Sometimes you need to get knocked down before you can really fight back.
Virtus.pro just proved that point in the most brutal way possible. After getting eliminated in both PGS 1 and PGS 2, the team came back to absolutely demolish the PGS 3 Grand Final. 136 points. 89 kills. A 35-point gap over second place that wasn’t even close.
This wasn’t luck. This was surgical precision.
“Virtus.pro became the PGS 3 champion with 136 points (47 placement + 89 kills), finishing a massive 35 points ahead of second-place eArena. It was a result few could have predicted, as Virtus.pro had been eliminated in both PGS 1 and PGS 2 and had not earned a single PGS Point before PGS 3.” — PUBG on Steam
The numbers tell the whole story. 89 kills in the Grand Final means they averaged nearly 6 eliminations per match across 15 games. That’s not spray-and-pray gameplay. That’s calculated aggression backed by solid positioning and team coordination.
But here’s what makes this even more impressive: they balanced those kills with 47 placement points. Most teams that frag hard die early. Virtus.pro did both – they hunted and they survived.
Not everyone’s buying the redemption narrative though. Some fans are questioning how a team that couldn’t make it past early stages suddenly becomes unstoppable. The skill gap between tournaments shouldn’t be this massive. Either other teams choked hard or something changed in Virtus.pro’s approach that nobody saw coming.

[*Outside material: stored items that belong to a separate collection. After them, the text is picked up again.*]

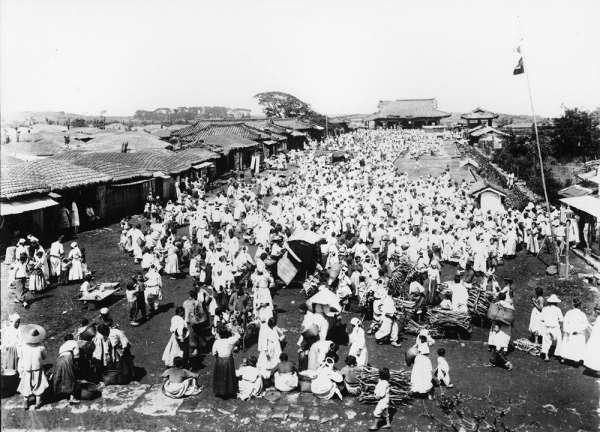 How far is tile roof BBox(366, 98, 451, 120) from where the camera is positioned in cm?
7100

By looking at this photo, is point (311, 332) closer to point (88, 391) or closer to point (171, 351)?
point (171, 351)

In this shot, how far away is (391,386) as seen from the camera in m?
8.12

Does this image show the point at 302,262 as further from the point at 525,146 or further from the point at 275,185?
the point at 525,146

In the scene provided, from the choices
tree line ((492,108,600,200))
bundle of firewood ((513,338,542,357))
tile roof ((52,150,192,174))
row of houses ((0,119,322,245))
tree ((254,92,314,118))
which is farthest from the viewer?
tree ((254,92,314,118))

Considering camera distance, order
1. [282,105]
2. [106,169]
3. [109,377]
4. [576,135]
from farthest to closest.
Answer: [282,105]
[576,135]
[106,169]
[109,377]

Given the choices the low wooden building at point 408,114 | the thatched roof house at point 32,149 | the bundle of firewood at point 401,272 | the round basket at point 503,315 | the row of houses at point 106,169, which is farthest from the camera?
the low wooden building at point 408,114

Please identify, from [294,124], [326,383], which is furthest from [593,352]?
[294,124]

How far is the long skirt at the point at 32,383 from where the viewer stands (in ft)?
25.5

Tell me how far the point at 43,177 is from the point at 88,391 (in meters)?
12.5

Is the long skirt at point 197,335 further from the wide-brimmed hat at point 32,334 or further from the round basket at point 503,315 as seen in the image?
the round basket at point 503,315

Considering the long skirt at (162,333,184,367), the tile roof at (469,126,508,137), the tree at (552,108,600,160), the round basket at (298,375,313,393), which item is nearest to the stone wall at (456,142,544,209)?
the tile roof at (469,126,508,137)

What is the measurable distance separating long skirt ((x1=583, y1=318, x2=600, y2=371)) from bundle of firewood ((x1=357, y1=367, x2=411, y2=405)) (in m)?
3.62

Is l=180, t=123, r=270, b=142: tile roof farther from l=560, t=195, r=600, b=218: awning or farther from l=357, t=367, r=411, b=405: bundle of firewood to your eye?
l=357, t=367, r=411, b=405: bundle of firewood

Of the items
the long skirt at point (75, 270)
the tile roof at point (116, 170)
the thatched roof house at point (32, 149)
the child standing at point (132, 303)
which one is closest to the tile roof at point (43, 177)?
the tile roof at point (116, 170) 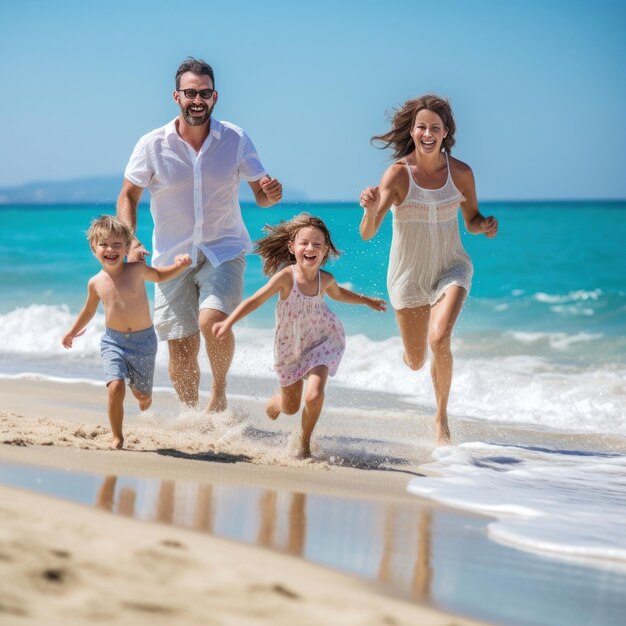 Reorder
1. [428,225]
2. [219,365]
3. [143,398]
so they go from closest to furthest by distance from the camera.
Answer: [143,398] → [219,365] → [428,225]

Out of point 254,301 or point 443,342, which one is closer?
point 254,301

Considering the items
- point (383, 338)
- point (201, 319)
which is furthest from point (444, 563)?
point (383, 338)

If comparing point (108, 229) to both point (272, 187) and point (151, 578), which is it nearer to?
point (272, 187)

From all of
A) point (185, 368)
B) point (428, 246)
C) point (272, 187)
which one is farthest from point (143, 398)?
point (428, 246)

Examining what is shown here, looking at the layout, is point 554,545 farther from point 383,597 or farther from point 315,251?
point 315,251

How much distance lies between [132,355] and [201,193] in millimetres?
1300

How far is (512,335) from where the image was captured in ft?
52.6

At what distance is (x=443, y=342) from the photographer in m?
7.12

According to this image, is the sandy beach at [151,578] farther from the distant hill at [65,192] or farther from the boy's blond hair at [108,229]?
the distant hill at [65,192]

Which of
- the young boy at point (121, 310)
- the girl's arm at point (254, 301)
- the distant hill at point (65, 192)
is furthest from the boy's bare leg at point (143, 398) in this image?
the distant hill at point (65, 192)

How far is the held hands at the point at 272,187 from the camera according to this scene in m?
6.99

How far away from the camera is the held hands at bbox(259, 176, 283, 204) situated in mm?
6988

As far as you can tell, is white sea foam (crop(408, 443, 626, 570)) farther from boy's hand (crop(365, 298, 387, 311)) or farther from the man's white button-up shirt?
the man's white button-up shirt

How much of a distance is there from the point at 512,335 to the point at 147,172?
977 centimetres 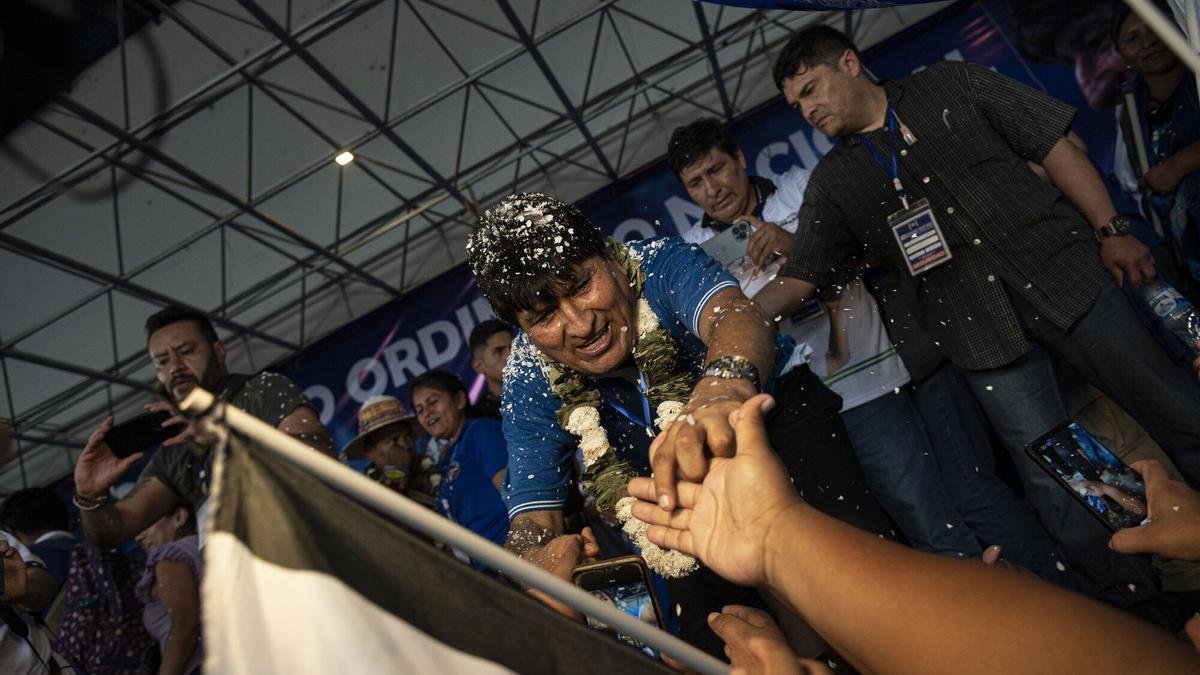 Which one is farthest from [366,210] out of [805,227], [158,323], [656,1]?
[805,227]

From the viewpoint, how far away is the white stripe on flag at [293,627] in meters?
0.86

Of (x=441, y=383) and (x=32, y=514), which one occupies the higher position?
(x=32, y=514)

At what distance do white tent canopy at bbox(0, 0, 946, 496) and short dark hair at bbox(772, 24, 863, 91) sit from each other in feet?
20.4

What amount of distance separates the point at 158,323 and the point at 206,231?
23.1 feet

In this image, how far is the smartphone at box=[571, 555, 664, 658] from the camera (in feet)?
6.29

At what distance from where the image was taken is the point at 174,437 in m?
3.94

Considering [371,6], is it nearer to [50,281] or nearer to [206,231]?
[206,231]

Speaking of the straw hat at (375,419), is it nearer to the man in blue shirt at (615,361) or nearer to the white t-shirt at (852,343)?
the white t-shirt at (852,343)

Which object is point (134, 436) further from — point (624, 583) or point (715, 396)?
point (715, 396)

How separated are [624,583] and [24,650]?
2.77 metres

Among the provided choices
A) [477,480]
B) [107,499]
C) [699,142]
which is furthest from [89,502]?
[699,142]

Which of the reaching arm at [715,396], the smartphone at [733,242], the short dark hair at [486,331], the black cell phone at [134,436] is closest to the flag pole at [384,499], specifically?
the reaching arm at [715,396]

The format also raised eyebrows. Having bottom teams fight through a Survival Stage while top seeds get direct Grand Final spots creates weird dynamics. Teams like eArena had to battle just to reach the final bracket, then faced fresh opponents who’d been studying their gameplay for weeks.
Others pointed out that three different champions across three tournaments might look exciting, but it also suggests inconsistent competition. When no team can repeat their success, that’s usually a sign of either incredible parity or teams that can’t maintain their level under pressure.
The memes write themselves though. “Virtus.pro speed-running from worst to first.” “PGS 1-2: tutorial mode. PGS 3: Virtus.pro remembers how to shoot.” “From zero PGS points to championship – that’s not character development, that’s a different character.”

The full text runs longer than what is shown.